** EXERCISE MATERIAL follows **

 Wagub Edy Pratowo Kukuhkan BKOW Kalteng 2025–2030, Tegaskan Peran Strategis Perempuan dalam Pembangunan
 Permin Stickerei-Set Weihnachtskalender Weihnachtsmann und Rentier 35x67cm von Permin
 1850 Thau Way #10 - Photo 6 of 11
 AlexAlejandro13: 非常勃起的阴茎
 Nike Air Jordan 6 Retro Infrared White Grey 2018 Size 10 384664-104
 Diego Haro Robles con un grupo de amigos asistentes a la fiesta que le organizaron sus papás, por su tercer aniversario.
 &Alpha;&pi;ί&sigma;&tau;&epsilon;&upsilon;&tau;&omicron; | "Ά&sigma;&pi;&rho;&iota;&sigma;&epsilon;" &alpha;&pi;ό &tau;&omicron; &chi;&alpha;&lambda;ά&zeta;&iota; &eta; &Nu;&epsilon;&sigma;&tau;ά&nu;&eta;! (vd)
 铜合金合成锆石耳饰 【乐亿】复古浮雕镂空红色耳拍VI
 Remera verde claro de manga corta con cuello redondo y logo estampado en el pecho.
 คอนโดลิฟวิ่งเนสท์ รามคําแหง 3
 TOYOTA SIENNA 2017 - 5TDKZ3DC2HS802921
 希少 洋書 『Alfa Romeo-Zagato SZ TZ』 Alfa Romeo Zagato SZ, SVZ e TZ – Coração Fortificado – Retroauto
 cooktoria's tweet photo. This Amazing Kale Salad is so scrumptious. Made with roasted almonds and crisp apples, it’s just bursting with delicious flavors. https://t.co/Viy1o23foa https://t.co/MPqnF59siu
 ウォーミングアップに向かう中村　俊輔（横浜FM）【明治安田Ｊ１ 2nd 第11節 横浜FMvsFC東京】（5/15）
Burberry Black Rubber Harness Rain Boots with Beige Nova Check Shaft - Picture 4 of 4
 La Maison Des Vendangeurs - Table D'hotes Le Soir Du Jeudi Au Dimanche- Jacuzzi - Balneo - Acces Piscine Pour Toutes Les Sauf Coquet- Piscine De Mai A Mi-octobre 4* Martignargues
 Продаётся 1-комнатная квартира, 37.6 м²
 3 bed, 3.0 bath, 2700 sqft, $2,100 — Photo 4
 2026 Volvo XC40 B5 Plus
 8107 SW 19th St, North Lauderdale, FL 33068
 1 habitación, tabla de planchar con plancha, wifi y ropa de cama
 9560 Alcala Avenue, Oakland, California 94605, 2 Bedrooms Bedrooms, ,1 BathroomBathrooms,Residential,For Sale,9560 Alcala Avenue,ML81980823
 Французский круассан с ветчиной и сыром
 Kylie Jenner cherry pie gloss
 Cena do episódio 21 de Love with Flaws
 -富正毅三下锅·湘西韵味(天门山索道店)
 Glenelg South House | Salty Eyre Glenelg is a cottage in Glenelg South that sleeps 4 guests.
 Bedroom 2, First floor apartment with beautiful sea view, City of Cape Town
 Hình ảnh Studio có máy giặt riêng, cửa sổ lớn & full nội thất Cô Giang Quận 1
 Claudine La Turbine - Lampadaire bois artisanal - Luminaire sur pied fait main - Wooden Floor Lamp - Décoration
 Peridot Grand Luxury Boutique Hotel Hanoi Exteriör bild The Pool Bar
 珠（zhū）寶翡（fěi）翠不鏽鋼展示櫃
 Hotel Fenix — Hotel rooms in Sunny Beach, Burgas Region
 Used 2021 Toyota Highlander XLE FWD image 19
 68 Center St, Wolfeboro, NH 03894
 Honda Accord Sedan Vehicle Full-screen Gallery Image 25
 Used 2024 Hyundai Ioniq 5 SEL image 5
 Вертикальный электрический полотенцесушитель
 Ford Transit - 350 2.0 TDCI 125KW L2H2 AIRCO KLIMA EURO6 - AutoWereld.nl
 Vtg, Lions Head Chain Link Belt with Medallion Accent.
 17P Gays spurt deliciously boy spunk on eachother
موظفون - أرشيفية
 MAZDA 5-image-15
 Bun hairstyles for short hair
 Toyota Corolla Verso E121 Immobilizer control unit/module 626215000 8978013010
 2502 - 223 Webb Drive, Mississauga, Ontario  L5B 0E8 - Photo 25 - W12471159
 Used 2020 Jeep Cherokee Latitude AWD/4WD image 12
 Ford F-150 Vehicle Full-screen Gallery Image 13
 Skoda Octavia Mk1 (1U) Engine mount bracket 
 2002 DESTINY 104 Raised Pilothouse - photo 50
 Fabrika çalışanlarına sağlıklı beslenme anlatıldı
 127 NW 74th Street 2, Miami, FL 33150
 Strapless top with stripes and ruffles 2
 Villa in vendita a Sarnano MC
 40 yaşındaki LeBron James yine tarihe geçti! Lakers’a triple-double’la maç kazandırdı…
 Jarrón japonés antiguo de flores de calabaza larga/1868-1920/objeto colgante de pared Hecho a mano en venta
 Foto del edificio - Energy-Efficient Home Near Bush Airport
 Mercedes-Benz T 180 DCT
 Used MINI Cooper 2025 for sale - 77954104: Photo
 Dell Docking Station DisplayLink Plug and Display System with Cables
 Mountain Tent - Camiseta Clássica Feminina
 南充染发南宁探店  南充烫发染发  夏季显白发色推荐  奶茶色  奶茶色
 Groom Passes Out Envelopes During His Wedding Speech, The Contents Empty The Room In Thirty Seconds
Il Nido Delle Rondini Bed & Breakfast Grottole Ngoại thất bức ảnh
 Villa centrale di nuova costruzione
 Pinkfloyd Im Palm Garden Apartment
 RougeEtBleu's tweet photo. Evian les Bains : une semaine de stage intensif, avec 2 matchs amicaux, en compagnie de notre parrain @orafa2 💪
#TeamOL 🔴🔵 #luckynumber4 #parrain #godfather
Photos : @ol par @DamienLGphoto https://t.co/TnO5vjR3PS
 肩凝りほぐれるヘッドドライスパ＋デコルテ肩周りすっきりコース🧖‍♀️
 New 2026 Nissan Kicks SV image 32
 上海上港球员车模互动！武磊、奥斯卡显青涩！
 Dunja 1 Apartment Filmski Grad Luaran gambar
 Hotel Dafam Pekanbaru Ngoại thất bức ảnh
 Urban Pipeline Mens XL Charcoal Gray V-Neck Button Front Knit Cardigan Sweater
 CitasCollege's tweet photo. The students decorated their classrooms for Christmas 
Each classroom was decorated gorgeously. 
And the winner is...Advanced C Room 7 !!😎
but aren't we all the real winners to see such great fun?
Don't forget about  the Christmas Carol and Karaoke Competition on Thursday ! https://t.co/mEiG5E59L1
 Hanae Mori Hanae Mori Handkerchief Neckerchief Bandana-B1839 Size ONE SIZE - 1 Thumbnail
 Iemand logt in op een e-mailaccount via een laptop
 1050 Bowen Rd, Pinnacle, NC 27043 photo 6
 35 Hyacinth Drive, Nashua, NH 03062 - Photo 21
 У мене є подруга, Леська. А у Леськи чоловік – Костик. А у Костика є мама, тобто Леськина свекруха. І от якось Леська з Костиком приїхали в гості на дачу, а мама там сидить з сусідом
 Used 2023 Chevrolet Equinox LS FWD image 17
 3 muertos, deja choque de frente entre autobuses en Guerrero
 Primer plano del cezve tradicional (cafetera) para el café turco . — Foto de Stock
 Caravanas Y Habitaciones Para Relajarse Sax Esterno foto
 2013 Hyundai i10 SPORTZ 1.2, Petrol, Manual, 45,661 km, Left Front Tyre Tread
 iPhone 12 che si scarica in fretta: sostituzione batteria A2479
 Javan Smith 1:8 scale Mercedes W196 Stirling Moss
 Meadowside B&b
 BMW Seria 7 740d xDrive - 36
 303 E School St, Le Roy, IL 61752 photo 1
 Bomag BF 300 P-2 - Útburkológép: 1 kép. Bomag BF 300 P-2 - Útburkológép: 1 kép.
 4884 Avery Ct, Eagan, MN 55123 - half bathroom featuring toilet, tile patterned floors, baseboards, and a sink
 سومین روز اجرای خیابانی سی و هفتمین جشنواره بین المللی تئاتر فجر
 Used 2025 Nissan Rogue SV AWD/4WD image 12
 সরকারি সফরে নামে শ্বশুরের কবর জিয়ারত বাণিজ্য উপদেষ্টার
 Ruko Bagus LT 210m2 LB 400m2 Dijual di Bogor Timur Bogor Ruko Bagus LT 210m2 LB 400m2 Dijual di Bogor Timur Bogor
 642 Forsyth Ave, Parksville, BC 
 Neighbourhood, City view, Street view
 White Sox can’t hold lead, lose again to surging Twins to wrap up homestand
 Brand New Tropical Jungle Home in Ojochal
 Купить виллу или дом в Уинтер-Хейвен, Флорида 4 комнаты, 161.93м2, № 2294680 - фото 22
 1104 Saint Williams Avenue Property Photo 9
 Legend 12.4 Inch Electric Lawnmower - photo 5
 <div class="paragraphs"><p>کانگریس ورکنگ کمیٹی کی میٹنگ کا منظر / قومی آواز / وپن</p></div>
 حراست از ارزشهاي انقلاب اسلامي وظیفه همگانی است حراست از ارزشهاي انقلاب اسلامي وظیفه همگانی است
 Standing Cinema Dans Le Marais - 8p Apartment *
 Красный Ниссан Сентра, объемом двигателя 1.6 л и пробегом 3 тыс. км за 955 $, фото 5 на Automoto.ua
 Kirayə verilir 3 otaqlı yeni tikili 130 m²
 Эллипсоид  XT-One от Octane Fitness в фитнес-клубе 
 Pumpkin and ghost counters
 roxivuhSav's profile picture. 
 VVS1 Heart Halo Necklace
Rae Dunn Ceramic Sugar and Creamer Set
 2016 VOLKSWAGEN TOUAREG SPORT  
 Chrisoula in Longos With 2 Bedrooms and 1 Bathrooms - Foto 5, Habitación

** End of EXERCISE MATERIAL **

_TASK TO COMPLETE:_
Search the listing above for the lines with "Французский круассан с ветчиной и сыром" and "Used MINI Cooper", then output those lines and all lines between them exactly.

_OUTPUT OF THE EXERCISE:_
 Французский круассан с ветчиной и сыром
 Kylie Jenner cherry pie gloss
 Cena do episódio 21 de Love with Flaws
 -富正毅三下锅·湘西韵味(天门山索道店)
 Glenelg South House | Salty Eyre Glenelg is a cottage in Glenelg South that sleeps 4 guests.
 Bedroom 2, First floor apartment with beautiful sea view, City of Cape Town
 Hình ảnh Studio có máy giặt riêng, cửa sổ lớn & full nội thất Cô Giang Quận 1
 Claudine La Turbine - Lampadaire bois artisanal - Luminaire sur pied fait main - Wooden Floor Lamp - Décoration
 Peridot Grand Luxury Boutique Hotel Hanoi Exteriör bild The Pool Bar
 珠（zhū）寶翡（fěi）翠不鏽鋼展示櫃
 Hotel Fenix — Hotel rooms in Sunny Beach, Burgas Region
 Used 2021 Toyota Highlander XLE FWD image 19
 68 Center St, Wolfeboro, NH 03894
 Honda Accord Sedan Vehicle Full-screen Gallery Image 25
 Used 2024 Hyundai Ioniq 5 SEL image 5
 Вертикальный электрический полотенцесушитель
 Ford Transit - 350 2.0 TDCI 125KW L2H2 AIRCO KLIMA EURO6 - AutoWereld.nl
 Vtg, Lions Head Chain Link Belt with Medallion Accent.
 17P Gays spurt deliciously boy spunk on eachother
موظفون - أرشيفية
 MAZDA 5-image-15
 Bun hairstyles for short hair
 Toyota Corolla Verso E121 Immobilizer control unit/module 626215000 8978013010
 2502 - 223 Webb Drive, Mississauga, Ontario  L5B 0E8 - Photo 25 - W12471159
 Used 2020 Jeep Cherokee Latitude AWD/4WD image 12
 Ford F-150 Vehicle Full-screen Gallery Image 13
 Skoda Octavia Mk1 (1U) Engine mount bracket 
 2002 DESTINY 104 Raised Pilothouse - photo 50
 Fabrika çalışanlarına sağlıklı beslenme anlatıldı
 127 NW 74th Street 2, Miami, FL 33150
 Strapless top with stripes and ruffles 2
 Villa in vendita a Sarnano MC
 40 yaşındaki LeBron James yine tarihe geçti! Lakers’a triple-double’la maç kazandırdı…
 Jarrón japonés antiguo de flores de calabaza larga/1868-1920/objeto colgante de pared Hecho a mano en venta
 Foto del edificio - Energy-Efficient Home Near Bush Airport
 Mercedes-Benz T 180 DCT
 Used MINI Cooper 2025 for sale - 77954104: Photo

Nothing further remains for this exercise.